İdris Ortakaya

15 Temmuz ihaneti kesintisiz olarak devam etmektedir…

İdris Ortakaya

15 Temmuz silahlı bir müdahale ile ülke yönetimini ele geçirme girişimiydi. Aslında ihanet 15 Temmuzdan çok daha önce başlatılmış ve ülkemiz yangın yerine çevrilmişti.

On beş yıllık geçmişimizi hatırlamaya çalışabilirsek meseleyi daha net bir şekilde görme imkanına kavuşabiliriz. AK Parti büyük bir çoğunlukla ülke yönetimine geldi. Bu sonucu kabullenemeyen vesayet odakları hemen faaliyete geçtiler. Cumhuriyet mitinglerini hatırlayınız. Bu mitingleri düzenleyenleri hatırlayınız. Kendilerini Cumhuriyet kahramanı olarak ilan edenler kendi dışındaki tüm halk kitlelerini Cumhuriyet düşmanı olarak ilan ediyorlardı. Çok çaba harcadılar ancak sonuç alamadılar.

Yetmedi. Gezi olayları ihanetini başlattılar. Yaktılar, yıktılar yine sonuç alamadılar. Cumhurbaşkanımıza onlarca suikast düzenlediler. Başaramadılar. MİT Başkanını ifadeye çağırdılar. Yine başaramadılar. Genelkurmay eski Başkanımızı terör örgütü lideri diye tutukladılar. Yine başaramadılar. Rus uçağını düşürdüler. Yine başaramadılar. Ayakkabı kutularına para yerleştirdiler. Yine başaramadılar. Sosyal medyada onlarca uyduruk kasetler yayınladılar. Yine başaramadılar. 6 - 7 Ekim olaylarını başlatarak elliye yakın insanımızın ölümüne sepep oldular. Ülkeyi yaktılar. Yıktılar. Milyar dolarlarca maddi zarar verdiler. Yine başaramadılar. Hendek kazıları ile iç savaş çıkarmaya çalıştılar. Yine başaramadılar. DEAŞ, PKK, PYD gibi ihanet örgütlerini silah, militan ve her türlü lojistik anlamda destekleyerek üstümüze saldılar. Yine başaramadılar.
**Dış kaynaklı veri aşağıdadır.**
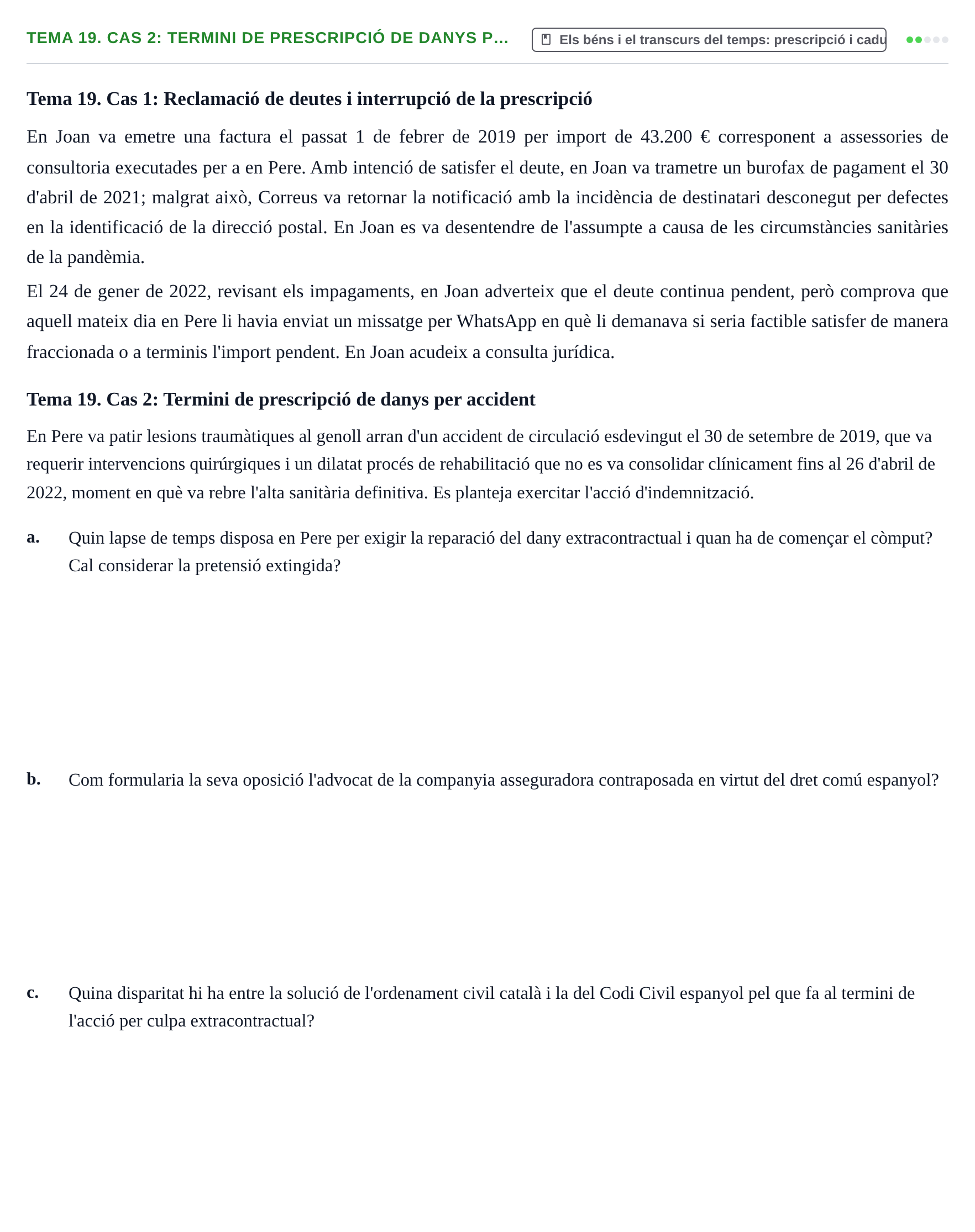 Enunciado: Tema 19. Cas 2: Termini de prescripció de danys p…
Gelelim son bir yıldaki yaşadıklarımıza.

Cumhurbaşkanının kararlı, tutarlı ve tavizsiz davranışı bu alçakları son derece tedirgin etmiştir. ABD ve Avrupalı Haçlı Şeytanlar ülkemiz düşmanı olan tüm teröristlere kucak açmış ve onları koruması altına almışlardır. Her türlü eylemlerine izin vererek ülkemize karşı düşmanlıklarını geliştirmelerine zemin hazırlamışlardır. FETÖ ve FETÖ'cü ihanetçiler ABD'nin koruması altındadır. Diğer ihanetçiler ise Avrupayı mesken tutmuşlardır. Bu ihanetçilerin başında gelen Can Dündar denen gazeteci görünümündeki alçak ajan, ülkemizde yargılanmış İhanet suçundan ceza almıştır. Bu kaçak gazeteci ajana kapılarını sonuna kadar açan Almanya ve diğer Avrupa ülkelerinin yöneticilerini şiddetle kınıyorum. Yuh olsun teröre ve teröristlere destek olan ülke yöneticilerine.

Almanya'da ve diğer Avrupa ülkelerinde yaşayan tüm Türkiyeli kardeşlerimize sesleniyorum. Bize yaptırım uygulayanlara biz de karşılık vermek zorundayız. Tüm bankalardaki hesaplarınızı kapatıp Türk bankalarını tercih ediniz. Birikimlerinizi ülkenize aktarınız. Dövizinizi TL.'ye dönüştürün. Bu da bizim onlara karşı yaptırımımız olsun.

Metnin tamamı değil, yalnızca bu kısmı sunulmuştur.